TASK REQUIREMENTS
Output the data below exactly, without images.

STORED DATA

:::::

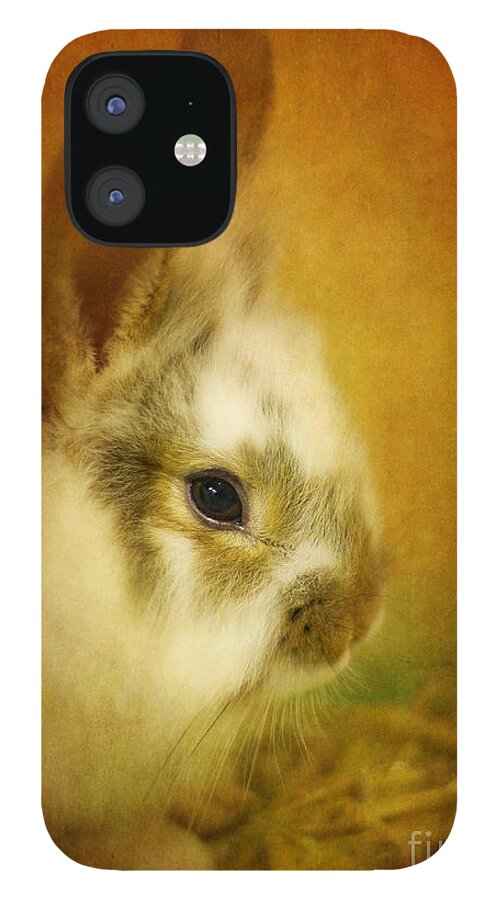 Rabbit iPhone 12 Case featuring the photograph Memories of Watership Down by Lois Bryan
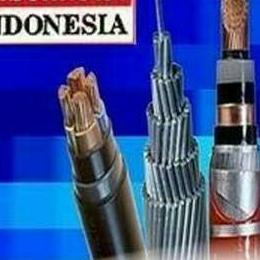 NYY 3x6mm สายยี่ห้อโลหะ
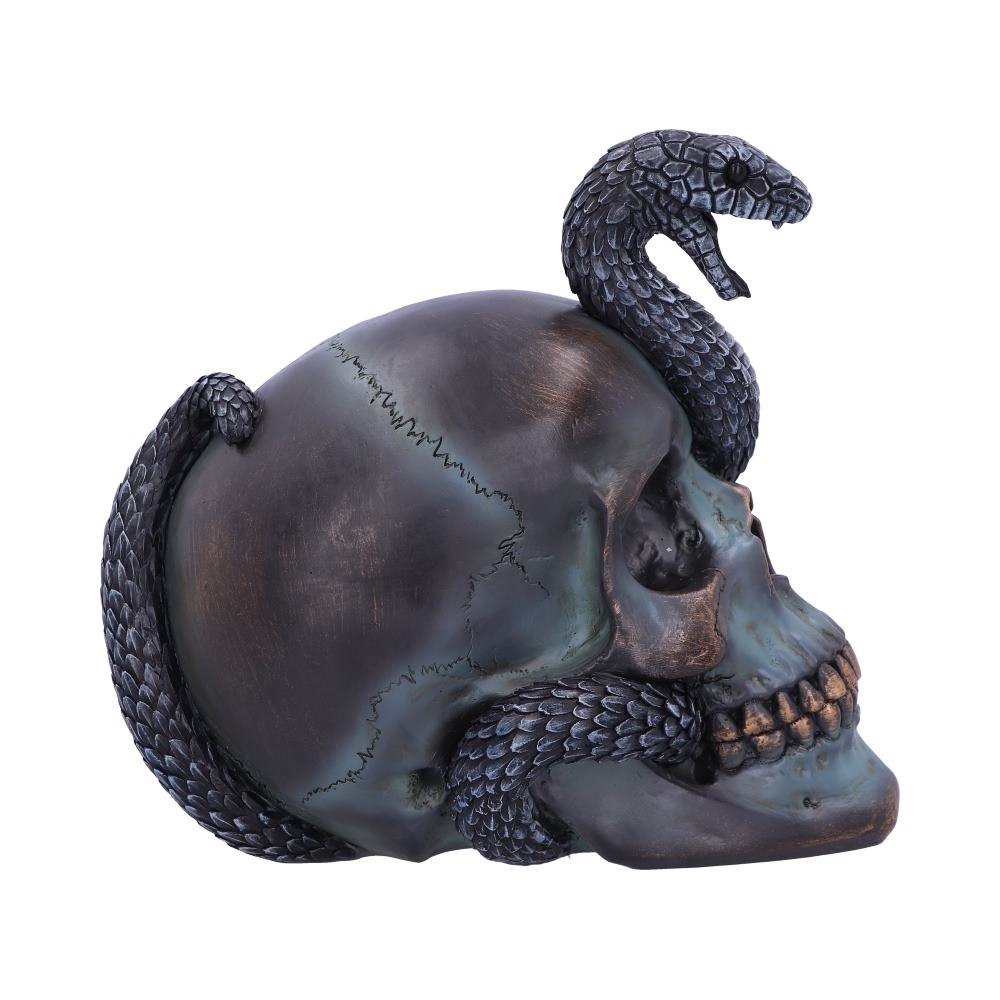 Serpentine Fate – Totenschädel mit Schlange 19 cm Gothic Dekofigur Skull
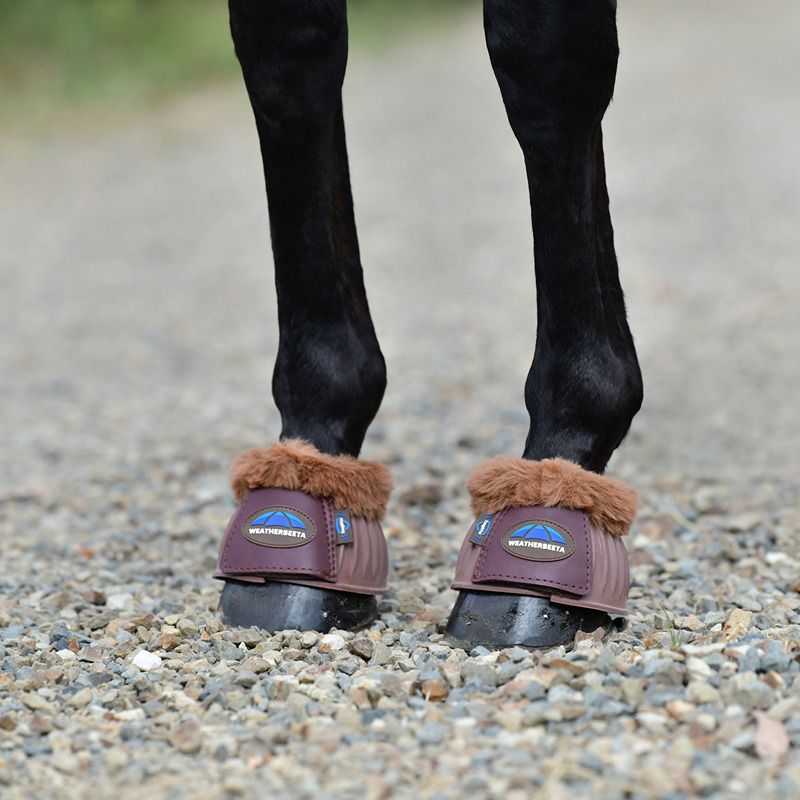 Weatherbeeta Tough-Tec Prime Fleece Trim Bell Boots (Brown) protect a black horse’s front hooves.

:::::

EXPECTED OUTPUT
 Rabbit iPhone 12 Case featuring the photograph Memories of Watership Down by Lois Bryan
 NYY 3x6mm สายยี่ห้อโลหะ
 Serpentine Fate – Totenschädel mit Schlange 19 cm Gothic Dekofigur Skull
 Weatherbeeta Tough-Tec Prime Fleece Trim Bell Boots (Brown) protect a black horse’s front hooves.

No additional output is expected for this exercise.